[REQUIRED WORK] What you return must be an exact copy of the lines in the listing below between the line holding "a living room with" and the line holding "A modern bathroom", inclusive, and nothing more.
--
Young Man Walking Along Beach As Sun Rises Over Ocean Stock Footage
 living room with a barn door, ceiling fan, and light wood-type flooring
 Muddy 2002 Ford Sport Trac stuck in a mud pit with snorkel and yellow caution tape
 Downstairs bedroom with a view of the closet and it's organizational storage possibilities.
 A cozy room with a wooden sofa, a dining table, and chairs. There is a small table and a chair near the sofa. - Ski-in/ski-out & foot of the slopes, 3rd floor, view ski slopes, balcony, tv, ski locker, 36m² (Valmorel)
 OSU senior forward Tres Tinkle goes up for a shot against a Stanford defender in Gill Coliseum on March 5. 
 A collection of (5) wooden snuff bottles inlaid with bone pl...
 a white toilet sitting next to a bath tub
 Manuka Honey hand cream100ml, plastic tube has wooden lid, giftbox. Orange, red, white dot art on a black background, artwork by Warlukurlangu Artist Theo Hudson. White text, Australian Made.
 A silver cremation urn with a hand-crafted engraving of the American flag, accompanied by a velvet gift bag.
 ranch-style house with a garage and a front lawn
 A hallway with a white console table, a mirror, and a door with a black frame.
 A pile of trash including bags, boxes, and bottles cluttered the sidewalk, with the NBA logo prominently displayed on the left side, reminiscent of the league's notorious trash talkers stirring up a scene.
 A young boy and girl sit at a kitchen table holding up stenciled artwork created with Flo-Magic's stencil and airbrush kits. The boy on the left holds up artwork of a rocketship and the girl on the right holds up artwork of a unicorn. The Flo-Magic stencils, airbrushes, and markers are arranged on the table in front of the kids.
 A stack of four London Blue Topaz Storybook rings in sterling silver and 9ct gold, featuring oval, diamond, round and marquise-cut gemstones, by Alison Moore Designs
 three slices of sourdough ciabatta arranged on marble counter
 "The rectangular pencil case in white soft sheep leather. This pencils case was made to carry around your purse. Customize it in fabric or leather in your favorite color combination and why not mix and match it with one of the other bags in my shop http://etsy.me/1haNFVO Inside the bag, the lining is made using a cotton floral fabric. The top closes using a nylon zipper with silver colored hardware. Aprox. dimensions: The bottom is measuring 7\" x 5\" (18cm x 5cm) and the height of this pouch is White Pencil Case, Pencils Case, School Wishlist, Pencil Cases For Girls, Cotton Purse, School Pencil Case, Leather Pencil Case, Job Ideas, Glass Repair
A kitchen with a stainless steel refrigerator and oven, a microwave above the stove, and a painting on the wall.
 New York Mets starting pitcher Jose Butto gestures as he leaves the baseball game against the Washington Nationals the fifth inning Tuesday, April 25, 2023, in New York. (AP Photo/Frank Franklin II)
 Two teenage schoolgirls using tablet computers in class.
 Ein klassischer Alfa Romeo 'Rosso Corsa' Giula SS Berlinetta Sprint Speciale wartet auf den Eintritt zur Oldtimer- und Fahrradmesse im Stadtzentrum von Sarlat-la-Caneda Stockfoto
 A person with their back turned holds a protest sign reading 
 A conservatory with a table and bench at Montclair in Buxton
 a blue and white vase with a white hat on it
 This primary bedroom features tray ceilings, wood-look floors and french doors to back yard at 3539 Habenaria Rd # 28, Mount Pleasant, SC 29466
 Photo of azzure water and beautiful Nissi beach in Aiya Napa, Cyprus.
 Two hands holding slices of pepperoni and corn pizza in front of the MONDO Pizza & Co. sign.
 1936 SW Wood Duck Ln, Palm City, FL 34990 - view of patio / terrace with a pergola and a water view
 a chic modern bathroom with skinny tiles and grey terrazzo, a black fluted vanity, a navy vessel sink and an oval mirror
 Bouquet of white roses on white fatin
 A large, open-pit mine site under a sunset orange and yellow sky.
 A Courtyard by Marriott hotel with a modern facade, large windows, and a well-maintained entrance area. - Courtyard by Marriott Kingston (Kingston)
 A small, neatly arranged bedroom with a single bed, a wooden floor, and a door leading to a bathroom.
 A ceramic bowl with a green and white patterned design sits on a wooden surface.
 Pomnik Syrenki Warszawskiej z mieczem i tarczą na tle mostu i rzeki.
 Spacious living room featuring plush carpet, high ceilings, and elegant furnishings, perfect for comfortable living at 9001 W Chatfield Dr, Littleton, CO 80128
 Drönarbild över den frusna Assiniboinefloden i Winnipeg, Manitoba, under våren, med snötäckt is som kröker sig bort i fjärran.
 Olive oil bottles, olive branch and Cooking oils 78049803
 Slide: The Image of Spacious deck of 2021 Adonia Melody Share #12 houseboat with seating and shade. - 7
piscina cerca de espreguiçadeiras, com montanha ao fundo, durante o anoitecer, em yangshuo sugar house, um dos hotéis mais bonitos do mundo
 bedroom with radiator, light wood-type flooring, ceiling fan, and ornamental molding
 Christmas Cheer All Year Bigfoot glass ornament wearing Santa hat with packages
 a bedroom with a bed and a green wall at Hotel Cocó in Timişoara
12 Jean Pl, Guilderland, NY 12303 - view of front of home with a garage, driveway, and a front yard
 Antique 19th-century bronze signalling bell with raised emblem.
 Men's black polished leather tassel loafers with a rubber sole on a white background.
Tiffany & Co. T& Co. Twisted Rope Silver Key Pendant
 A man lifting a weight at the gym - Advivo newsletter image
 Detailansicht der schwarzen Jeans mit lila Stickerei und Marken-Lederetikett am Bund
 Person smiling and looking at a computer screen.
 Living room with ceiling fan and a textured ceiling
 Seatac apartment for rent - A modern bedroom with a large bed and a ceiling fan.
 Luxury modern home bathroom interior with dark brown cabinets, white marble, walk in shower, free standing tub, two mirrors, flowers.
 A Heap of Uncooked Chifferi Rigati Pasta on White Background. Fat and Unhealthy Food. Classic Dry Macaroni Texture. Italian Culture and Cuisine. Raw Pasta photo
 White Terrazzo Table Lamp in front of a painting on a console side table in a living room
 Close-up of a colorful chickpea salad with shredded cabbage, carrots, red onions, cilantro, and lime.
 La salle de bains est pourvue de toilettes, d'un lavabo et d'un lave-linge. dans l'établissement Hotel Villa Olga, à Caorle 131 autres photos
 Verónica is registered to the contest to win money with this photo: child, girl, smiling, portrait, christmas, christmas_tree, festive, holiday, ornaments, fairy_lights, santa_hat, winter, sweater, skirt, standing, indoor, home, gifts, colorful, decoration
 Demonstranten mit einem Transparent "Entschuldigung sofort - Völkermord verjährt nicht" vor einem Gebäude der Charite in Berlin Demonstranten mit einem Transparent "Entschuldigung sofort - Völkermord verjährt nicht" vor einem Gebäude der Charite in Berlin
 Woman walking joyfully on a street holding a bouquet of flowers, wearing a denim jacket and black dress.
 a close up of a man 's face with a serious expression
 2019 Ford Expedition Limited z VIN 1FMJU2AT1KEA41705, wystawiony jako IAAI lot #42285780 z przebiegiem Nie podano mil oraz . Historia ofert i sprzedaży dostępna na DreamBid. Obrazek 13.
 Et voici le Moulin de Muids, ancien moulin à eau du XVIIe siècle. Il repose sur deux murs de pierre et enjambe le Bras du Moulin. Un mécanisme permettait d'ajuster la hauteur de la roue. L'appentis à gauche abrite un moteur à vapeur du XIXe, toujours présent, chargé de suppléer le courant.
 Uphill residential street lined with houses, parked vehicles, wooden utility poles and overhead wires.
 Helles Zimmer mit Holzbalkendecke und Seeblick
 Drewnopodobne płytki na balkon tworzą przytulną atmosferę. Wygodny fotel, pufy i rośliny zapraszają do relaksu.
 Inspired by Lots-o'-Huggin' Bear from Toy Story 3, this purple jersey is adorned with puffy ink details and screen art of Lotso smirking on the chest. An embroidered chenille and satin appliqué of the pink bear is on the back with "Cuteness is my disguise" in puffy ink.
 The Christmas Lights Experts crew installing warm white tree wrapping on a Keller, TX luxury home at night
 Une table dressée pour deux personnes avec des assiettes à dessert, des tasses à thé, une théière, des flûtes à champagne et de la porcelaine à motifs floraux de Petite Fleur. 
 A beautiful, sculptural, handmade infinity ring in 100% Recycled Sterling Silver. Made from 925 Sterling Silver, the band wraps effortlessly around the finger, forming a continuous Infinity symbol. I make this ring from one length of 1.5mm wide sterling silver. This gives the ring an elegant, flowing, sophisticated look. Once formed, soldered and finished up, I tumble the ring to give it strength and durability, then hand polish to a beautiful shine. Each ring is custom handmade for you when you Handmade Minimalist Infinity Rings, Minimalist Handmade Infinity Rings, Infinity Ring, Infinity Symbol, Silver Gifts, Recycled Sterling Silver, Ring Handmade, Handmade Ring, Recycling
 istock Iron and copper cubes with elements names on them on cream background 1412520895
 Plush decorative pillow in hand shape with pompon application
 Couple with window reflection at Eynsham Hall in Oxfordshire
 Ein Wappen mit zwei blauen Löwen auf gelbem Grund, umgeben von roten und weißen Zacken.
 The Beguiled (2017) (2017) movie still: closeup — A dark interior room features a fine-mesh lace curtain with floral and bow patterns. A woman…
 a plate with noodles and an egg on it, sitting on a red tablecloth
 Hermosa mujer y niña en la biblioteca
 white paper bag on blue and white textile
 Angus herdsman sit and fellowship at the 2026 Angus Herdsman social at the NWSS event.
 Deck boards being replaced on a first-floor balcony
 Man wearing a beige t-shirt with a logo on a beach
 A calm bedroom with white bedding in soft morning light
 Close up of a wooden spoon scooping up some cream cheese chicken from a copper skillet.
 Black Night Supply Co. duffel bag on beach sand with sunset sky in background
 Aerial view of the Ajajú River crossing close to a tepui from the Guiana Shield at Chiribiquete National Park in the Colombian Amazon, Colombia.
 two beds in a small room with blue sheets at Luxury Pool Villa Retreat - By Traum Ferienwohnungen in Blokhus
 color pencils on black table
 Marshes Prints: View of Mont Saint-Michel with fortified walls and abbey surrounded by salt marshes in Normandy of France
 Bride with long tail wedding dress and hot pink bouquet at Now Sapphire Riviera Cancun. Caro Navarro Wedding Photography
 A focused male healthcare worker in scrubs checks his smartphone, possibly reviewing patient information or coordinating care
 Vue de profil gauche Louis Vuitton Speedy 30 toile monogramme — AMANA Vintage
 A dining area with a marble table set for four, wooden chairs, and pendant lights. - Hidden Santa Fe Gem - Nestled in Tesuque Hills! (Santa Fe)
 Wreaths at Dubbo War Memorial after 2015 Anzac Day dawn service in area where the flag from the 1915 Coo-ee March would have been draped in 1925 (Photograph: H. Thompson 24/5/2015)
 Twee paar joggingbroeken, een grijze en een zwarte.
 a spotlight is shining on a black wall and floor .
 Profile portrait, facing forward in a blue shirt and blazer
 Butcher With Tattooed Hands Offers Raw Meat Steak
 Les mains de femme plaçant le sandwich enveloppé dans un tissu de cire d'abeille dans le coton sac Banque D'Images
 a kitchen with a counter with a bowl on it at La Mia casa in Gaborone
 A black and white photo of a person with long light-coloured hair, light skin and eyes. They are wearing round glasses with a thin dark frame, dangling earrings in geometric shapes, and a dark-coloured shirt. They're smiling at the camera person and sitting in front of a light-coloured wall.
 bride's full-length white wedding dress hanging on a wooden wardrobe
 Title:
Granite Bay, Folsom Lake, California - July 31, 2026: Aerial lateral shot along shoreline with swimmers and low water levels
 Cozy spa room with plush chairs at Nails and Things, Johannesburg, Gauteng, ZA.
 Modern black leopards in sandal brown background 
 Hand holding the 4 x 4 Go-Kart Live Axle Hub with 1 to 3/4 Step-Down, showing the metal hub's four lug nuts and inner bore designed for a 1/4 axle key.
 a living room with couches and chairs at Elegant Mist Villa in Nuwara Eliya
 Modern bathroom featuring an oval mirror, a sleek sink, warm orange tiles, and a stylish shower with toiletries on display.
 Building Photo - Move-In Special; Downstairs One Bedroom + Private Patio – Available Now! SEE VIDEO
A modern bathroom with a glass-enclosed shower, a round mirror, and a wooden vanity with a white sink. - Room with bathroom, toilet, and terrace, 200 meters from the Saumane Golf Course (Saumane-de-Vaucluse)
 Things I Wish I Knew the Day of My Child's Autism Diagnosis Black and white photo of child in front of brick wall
--
[RESPONSE TO THE EXERCISE]
 a living room with couches and chairs at Elegant Mist Villa in Nuwara Eliya
 Modern bathroom featuring an oval mirror, a sleek sink, warm orange tiles, and a stylish shower with toiletries on display.
 Building Photo - Move-In Special; Downstairs One Bedroom + Private Patio – Available Now! SEE VIDEO
A modern bathroom with a glass-enclosed shower, a round mirror, and a wooden vanity with a white sink. - Room with bathroom, toilet, and terrace, 200 meters from the Saumane Golf Course (Saumane-de-Vaucluse)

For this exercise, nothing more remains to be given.